The town was among areas in the North West affected by flooding following a New Year's Day storm

Flooding in Lincoln Drive, Wigan
Author: Nick Jackson, Local Democracy Reporting ServicePublished 22nd Jun 2025

Wide-ranging measures have been recommended to reduce flood risk in three areas of Wigan in the wake of the New Year’s Day storm, which hit dozens of homes.

The study has been published by Wigan council in partnership with water company United Utilities as part of its legal duties as the lead flood authority.

Many of the recommendations fall to the local authority and UU themselves to take decisive action within the next 12 months.

Homes were evacuated in the early hours of January 1 when what experts described as a ‘double peak’ storm hit Greater Manchester.

The worst hit areas were Platt Bridge, where several feet of water flooded into Templeton Road with another area around Bickershaw Lane, Keats Way and Simpkin Street also affected.

Others included Lincoln Drive in Ashton-in-Makerfield, where 37 homes were submerged after Millingford Brook overtopped and local drains could not cope with surface water.

The report also details how homes in Bolton House Road, in Bickershaw village, were also flooded. One cause was identified as ‘historic flooding from a culverted watercourse,’ which has been ‘poorly maintained’ and is on private land owned by an unidentified company that is now insolvent.

Recommendations contained in the report say the council should identify the ownership of the watercourse and ‘ensure a significant maintenance regime is in place to reduce further risk’.

But the report also says property owners have a responsibility to look after their own properties, ‘including the risks of water entering it and causing damage’.

Possible measures put forward include flood barriers and automatically closing airbricks in walls

“Property flood resistance (PFR) can also be used within a building to minimise damage if internal flooding still occurs,” the report says.

“It is good practice for local residents to find out about any flood risk in the area, sign up for the Environment Agency’s free flood warnings/alerts where available and make a written plan of how they will respond to a flood situation.

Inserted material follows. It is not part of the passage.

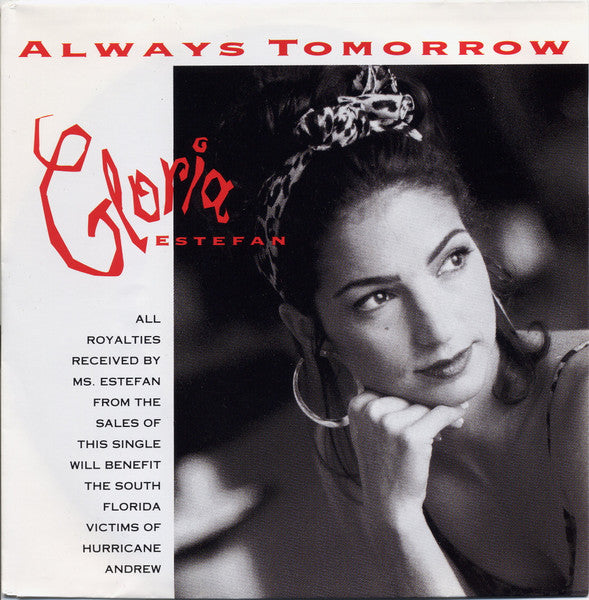 Gloria Estefan - Always Tomorrow 40773 Vinyl Singles Vinyl Goed / Hoes Sticker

Business owners should also make a flood plan for their business.”

However, a string of recommendations has also been given to United Utilities and Wigan council.

The council is being advised to step up its annual highway gullies cleaning operations to a six-monthly cycle, and to identify projects for funding for people affected by internal flooding on Bolton House Road.

United Utilities is also being told to ‘maintain efficient operations of sewers’.

“An essential flood risk management duty is defined under the Water Industry Act 1991, which states that water and sewerage companies have a duty to provide, maintain and operate systems of public sewers and works for the purpose of effectively draining an area,” the report says.

In Ashton-in-Makerfield, UU has been told it should install a flap valve to prevent floodwater backing up along the system and engulfing manholes and gullies on Lincoln Drive, when the sewer become submerged.

In the same location, Wigan council should also investigate the condition of the culverted watercourse to the west of Lincoln Drive and ‘review its contribution to the flooding’.

“The owner should be identified,” the report goes on. “This is necessary to improve its condition and to install a flap valve at the outfall of the watercourse into Millingford Brook.”

“Wigan council, UU and the Environment Agency should work in partnership to undertake a feasibility study to explore potential actions for alleviating flood risk in the Lincoln Drive area, by the summer of 2026.”

All the areas mentioned in the report have experienced prior events of flooding within the last 25 years.

But of the January 1 flood, the report goes on: “The event has caused significant disruption to the lives of the residents that were flooded.

“Financial losses have been incurred, with concerns raised about the impact of flooding on property values. The flooding caused damage and contamination of material goods, with residents also noting the irreplaceability of some of the belongings lost. Some explained that they are not eligible for insurance.”

In Platt Bridge, the report said there were no formal flood defences along Hey Brook, Brookside Brook or the Brookside Brook drain.

Environmental company JBA Consulting, which undertook the bulk of the report, said that there was evidence of obstructions as a result of fly-tipping in the water, but ‘given the volume of rainfall, the reduction in channel volume is unlikely to have had a considerable impact on the water overtopping the channel’.

The report goes on: “Energy bills also increased for some residents, due to the power required for dehumidifiers and heaters to dry their properties.

“A few residents commented on how the flooding would adversely affect their insurance premiums and property values.

“Dealing with the aftermath of the flood has also required some residents to take time off work. All the residents who responded to our questionnaire reported having to move to temporary accommodation.

“The flood event has caused immense stress and has compromised the wellbeing and mental health of those impacted.”